This was mentioned because it is usually a sign of a very commercial Council. Back in 2003 I attended a Hall of Fame in Vegas, promotions were handed out like candy.
I agree with you that the lack of a HoF doesn't mean that the council is ok.  When a council offer's rank certifications, different types of memberships, charge card payment programs etc., then a red flag should go up. I was given a free membership into one, after I got in the other shoe fell. Never again.


----------



## KenpoEMT (Jul 23, 2005)

evenflow1121 said:
			
		

> I will never understand why people are not willing to work hard and achieve a rank the proper way


America, land of instant gratification.  Our nation is certainly the greatest on earth; our freedoms grant the average citizen the right to buy martial arts rank.  Good.  Let skill be the litmus test for respect in the martial arts community.
May the federal government never create a new department.  I would hate to see the Department of Martial Arts.
Rank tests would have total oversight then.:tank:


----------



## Matt Stone (Jul 23, 2005)

This is why we must aggressively "police our own," and refuse to cave in to niceties and politeness in the face of fraudulent, irresponsible behavior.

Out the fraud.  Expose him/her.  Shout from the rooftops the discovered information so everyone, senior and novice alike, can hear.  Archive and codify the information for future reference.

Short of "dojo busting," actually going to their school and pounding the snot out of them in front of their students, then giving them an ultimatum to shut down immediately or walk the straight and narrow, this is our only recourse...

Sad where a warrior subculture exists we have to rely upon journalistic techniques to keep our our standards.  Once upon a time people wouldn't have dared to self-promote or buy rank for fear of reprisal from others...   :idunno:  Wonderful world we live in, eh?


----------



## kenpo3631 (Jul 24, 2005)

All this talk about soke-ship has got my head hurting. I know of someone who was awarded Soke-ship from Meijin10. Would that be considered a "good ole' boys club" pat on the back?"
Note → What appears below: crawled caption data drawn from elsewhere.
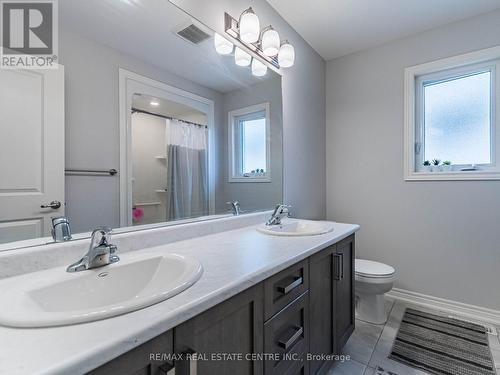 9561 Tallgrass Avenue, Niagara Falls, ON - Indoor Photo Showing Bathroom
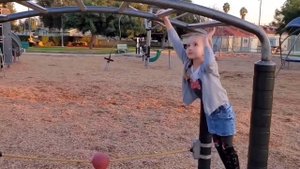 Лучшая детская площадка. Дети играют на улице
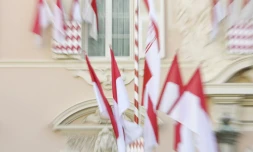 L'ex-garde des Sceaux monégasque Philippe Narmino, contraint à une retraite anticipée après avoir été mis en cause dans des médias pour ses relations avec le patron de l'AS Monaco Dimitri Rybolovlev, a été placé en garde à vue vendredi, a-t-on appris de source proche du dossier.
> Achieving recognition by the Chinese Kenpo Karate Association C.K.K.A in which he eventually inherited and was awarded sokeship by Grandmaster Cunningham


----------



## Matt Stone (Jul 24, 2005)

#1) I had no idea who Meijin10 was...  So I checked his website and found his bio (my comments will be in red, included in the quoted text):

Al Cunningham - Bio

* Started Martial Arts in 1965. (That was three years before I was even born...  Wow.)

*Black Belt Ranks In:

   Kenpo Karate/T-Jitsu (since this is the style he "created," who awarded him the rank?  Isn't "founder" sufficient?), Taiho-Jitsu, British Taiho-Jutsu (as opposed to "regular" taiho-jutsu?) & Judo.

   Master Trainer in AmeriThai Kickboxing.

  *Rank Certified by the Northern Shaolin Temple. (what do they have to do with kenpo?)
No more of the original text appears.